Savvy brands are taking personalization to the next level, serving up relevant messaging at the most advantageous moment. They’ve become so attuned to consumer behavior and the ideal conditions for conversion that they’re able to anticipate when and where someone’s interest might spike.

The secret? Environment.

Understanding the consumer based on more than just identity makes it possible to target your messaging more effectively. It’s all about using different data signals and environmental factors to provide context to where that person is along the path to purchase.

Weathering the Storm

One of the most obvious environmental factors that can affect a purchase is weather. Knowing current conditions and the forecast provides an opportunity to trigger and present consumers with relevant messages in real time. This could include an ad for ice cream on a hot day or a service reminder for a heating system before temperatures drop.

Our company used weather-triggered marketing for a charcoal company ad in neighborhoods where the local temperature hit a point ideal for grilling. The result: Engagement rates rose to three times the industry average.

Known area sales in a particular location or with a particular retailer is another factor that can benefit your marketing efforts. Selling products within a given market or location can tell you whether an advertisement for a new or improved product will spark interest among local residents. It can also tell you to adjust or pause advertising when inventory is low or out of stock.

Products don’t always hit shelves at the same time at every retailer. But if scanner data shows that the product has started to move, you can safely trigger location-based advertising in that area to build awareness and encourage additional sales. Running an ad before that might frustrate consumers who can’t find the product in stores and waste ad spend. You want the campaign to coincide with the rollout.

Beyond that, consumer intent can provide context. Being cognizant of data showing progress from interest to intent ensures ads are deployed at the right time to satisfy consumer needs. It means you’re targeting a qualified lead.

Each of these factors presents endless opportunities for personalization and optimization of your advertising efforts. You can employ anything from location-based advertising to weather-triggered marketing. Messaging becomes more timely and relevant to the recipient, resulting in more effective ad spend for advertisers.

Making an Impression

How you go about using environmental factors to improve marketing will vary by product or service, but the following are the best places to start:

1. Use a variety of data sources to get a more complete customer view.
Consumers know when brands are marketing to the masses. But pull some data and do a little segmentation, and all of a sudden you’ve got a more complete view of consumers. The more complete your customer view is, the easier it becomes to align and personalize your messaging. It also allows you to deploy an offer at the precise moment it matters most, creating a seamless experience that increases the chances of a purchase.

Let’s say you’re marketing suntan lotion. Promotions generally occur at certain times of year, right? But data can provide further context, opening up additional opportunities to target various consumer segments through weather-triggered ads. So when there’s a warm snap in the Midwest, you might want to set up a trigger to push out a message on a sunny day.

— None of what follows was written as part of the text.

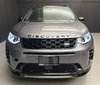 2024  DISCOVERY SPORT Dynamic SE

Location-based advertising can direct shoppers to a nearby store that has the products they’re looking for. Valassis worked with a regional grocer to drive visits from competitor stores using targeted, digital advertising media based on real-time shopper signals such as product interest and proximity to their locations. The approach was a success for the retailer which achieved a strong visit rate of 7.6%. Additionally, for nearly 10% of these store visits, dwell time ranged from 32 minutes to an hour.

2. Work with partners who can connect signals with your campaign.
unified approach will always win out over siloed efforts. Cohesive campaign data allows for greater visibility into the impact and results. It also affords greater agility, making it easier to adjust advertising as needed — even weather-based marketing.

The only problem is that aggregating data from multiple sources on your own can be time-consuming. The lost time could translate into missed opportunities to connect with ideal consumers via real-time location-based advertising or weather-triggered ads. A third-party vendor can help you connect signals to optimize your campaign.

3. Know your market.
Future consumer behavior can often be traced back to interest and intent data. Interest data shows behavior over time, and intent data tells marketers what you are in the market for at a specific moment in time. If you’re able to identify how they interact across media, you’ll be better equipped to respond with the right message.

Using these data signals to trigger messaging also provides a better customer experience. You’re able to meet their expectations and offer the necessary information to help them make an informed purchase. Besides, timeliness matters with marketing. If that key moment of intent or interest is missed, you might lose out on a sale.

Understanding the consumer is vital in any good marketing campaign. But when you add that extra layer of environmental factors, you take your efforts to the next level. You’re able to trigger messaging to satisfy both the immediate and future needs of your customers.